Jeffrey Epstein, whose lawyers had argued that he should be allowed to repair to his Upper East Side mansion while he awaits trial on sex-trafficking charges, was denied bail by a federal judge on Thursday morning.
Judge Richard Berman ruled that Epstein must remain at the Metropolitan Correctional Center in Manhattan as his case progresses to trial.
Epstein’s team offered to put up some of his hundreds of millions of dollars as collateral, suggested that Epstein could pay for private security during the pretrial period, and promised that he would not leave his sprawling residence on 71st Street. But prosecutors countered that Epstein was a substantial flight risk, and Berman agreed. “I am not suggesting that a different bail package would be appropriate because I doubt that any bail package can overcome danger to the community,” he told the courtroom.

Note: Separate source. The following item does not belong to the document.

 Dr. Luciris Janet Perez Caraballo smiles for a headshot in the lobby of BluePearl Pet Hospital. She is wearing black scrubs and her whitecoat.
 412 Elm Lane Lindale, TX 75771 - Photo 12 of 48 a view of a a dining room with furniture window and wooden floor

Investigators lent credence to the idea that Epstein might flee when they found a fake passport in Epstein’s possession during a search of his home, along with $70,000 in cash and dozens of diamonds.
The last time Epstein faced consequences for his treatment of underage women — when he pled guilty to soliciting a minor in Florida in 2008 — he was offered a much-maligned plea deal that allowed him to spend 12 hours a day on work release during a 13-month sentence. An attorney for some of Epstein’s accusers has said that Epstein continued abusing at least one woman during that period.
Epstein faces up to 45 years in prison if convicted.